The story of Makana Na Ota E ‘En is the tragic sequel to the Amidon Affair. A few months after Sioux Falls was abandoned, a military scouting party returned to the town-site with some civilians. They found the town burned. Near the Falls of the Big Sioux they saw a group of Native Americans. The Calvary sounded a charge and the went after the people at the Falls. The Native American's escaped, except for one man who's horse got caught in some mud near Covell’s Slough. That man was Makana Na Ota E ‘En (Among Little Trees). Soldiers fired and wounded him. He was then killed by a mounted soldier’s saber lashes.
At the time Makana Na Ota E ‘En was thought to be related to the band that was accused of killing the Amidons and burning the town. It turned out that the group of Native Americans at the Falls that day were not part anything and had just been at the wrong place at the wrong time.
Imagine a movie about that last day of Makana Na Ota E ‘En's life. Start in the morning, breaking camp, maybe some hunting. There'd be conversations about the men on their horses, about their lives and the future. Then they stop for a rest at the Falls. While enjoying lunch the military arrives and tragedy unfolds.
Thomas Egen was an immigrant from Ireland that homesteaded near Sioux Falls in 1876. He was hanged in Sioux Falls for the murder of his wife in 1880. She was found dead from a beating in the cellar of their sod home. At Egen's trial, his step-daughter Catherine and her husband James Van Horn testified for the prosecution. Before he was hanged Thomas said, "Judge, I have nothing against anybody in the Court, or anybody around the country, except the Van Horns. They betrayed me and may the curse of God be upon them. I can stand it, Sir. The law may not reach the Van Horns, but the curse of God will."
45 years later while on her death-bed Catherine confessed to killing her mother. She said they had argued and she beat her mother to death.
This could be a great courtroom movie. Or a movie told from Thomas' or even Catherine's perspective. Or maybe a story told by the ghost of the mother.
The forgotten Deadwood of Minnehaha County was a mining town just to the east of Sioux Falls proper set up to quarry the great deposits of Sioux quartzite and cut the rock into paving stones. The town thrived at the end of the 19th century and had a wild reputation, especially in comparison to it's fancy neighbor.
The lives of the stone cutters was hard and dangerous. And life in East Sioux Falls could be bawdy. In face, when an electric rail line connected the two Sioux Falls in the 1890's the town became a sort of getaway for the proper folks of Sioux Falls.
The stone market eventually died and the town disappeared.
There's a great story in the rise of this town as it tries to establish itself under the judgmental looks of the bigger city. Working class people building establishing a community against the odds.

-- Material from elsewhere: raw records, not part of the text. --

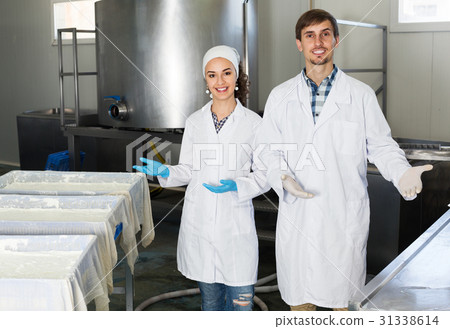 Cheerful adult man and woman on the manufacture Cheerful adult man and woman on the manufacture 31338614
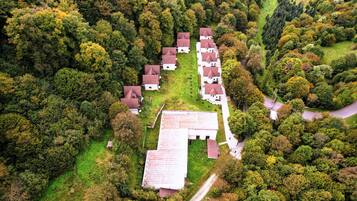 A cluster of houses with a central building, surrounded by dense forest.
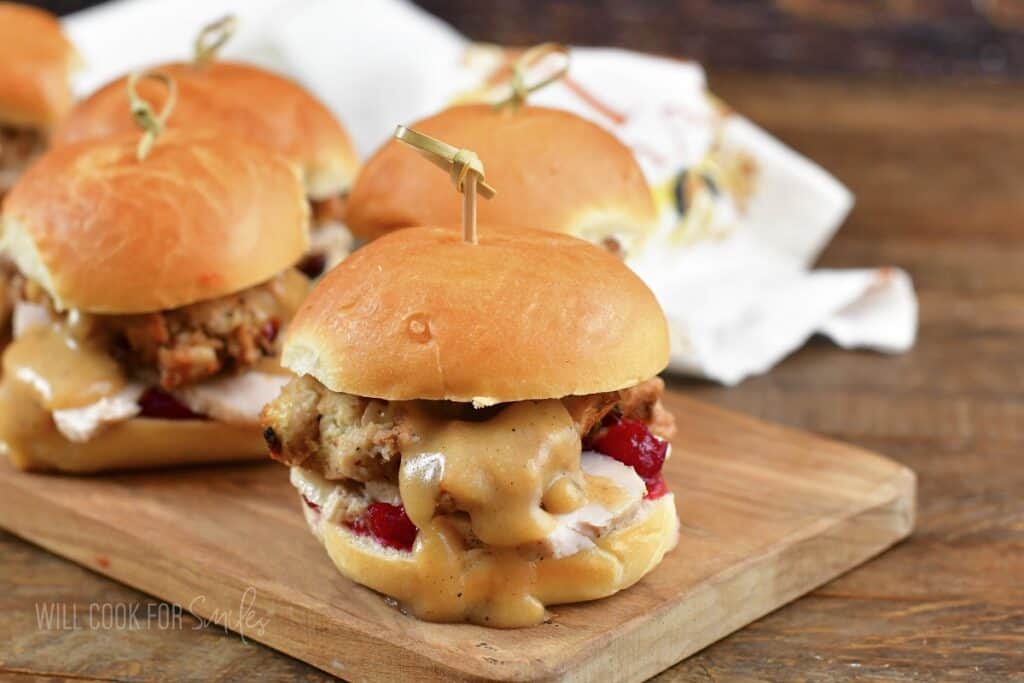 closeup of holiday leftover slider and gravy on the board.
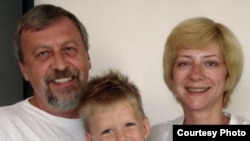 Iryna Khalip (right) with jailed husband Andrey Sannikau and their son Daniil. 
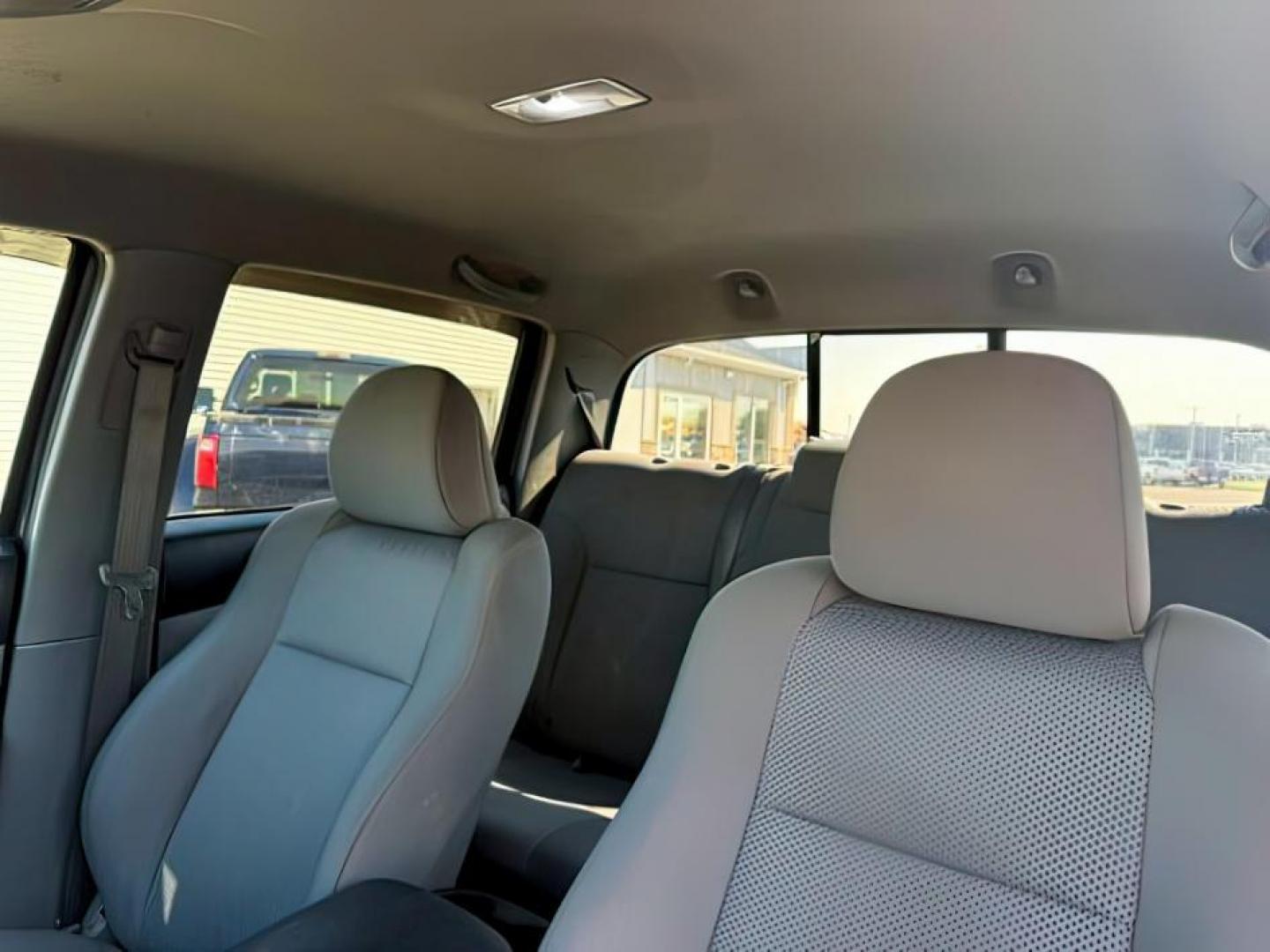 2012 Magnetic Gray Metallic /Graphite Toyota Tacoma (3TMJU4GN1CM) with an 4L V-6 DOHC engine, Automatic transmission, located at 1175 N Woodruff Ave, Idaho Falls, ID, 83401, 43.506901, -111.999657 - At Timberline Auto, finding a great deal on your next vehicle is always easy! Our experienced sales staff's goal is to help find you the right vehicle at the right price! Our knowledgeable finance department has options for almost any credit score. We offer extended service contract options to prote - Photo#17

Eliza Tupper Wilkes came to Sioux Falls in 1877. She was an ordained Universalist minister. Shortly after coming to Sioux Falls she worked as a lone missionary, traveling to conduct services for remote communities. She was the first ordained woman minister to publicly preach in Dakota Territory. She also organized seven churches in South Dakota, Iowa, and Minnesota.
She was a driving force in the building of the All Souls Church at the southeast corner of Dakota Avenue and 12th Street. Her and her husband built several houses in the Cathedral Historical District in Sioux Falls.
Eliza was also a civic leader and a champion of woman's suffrage. She was instrumental in starting the city's first public library and a key part of growing the institution.
A biopic of Eliza's life would be a wonderful, amazing story.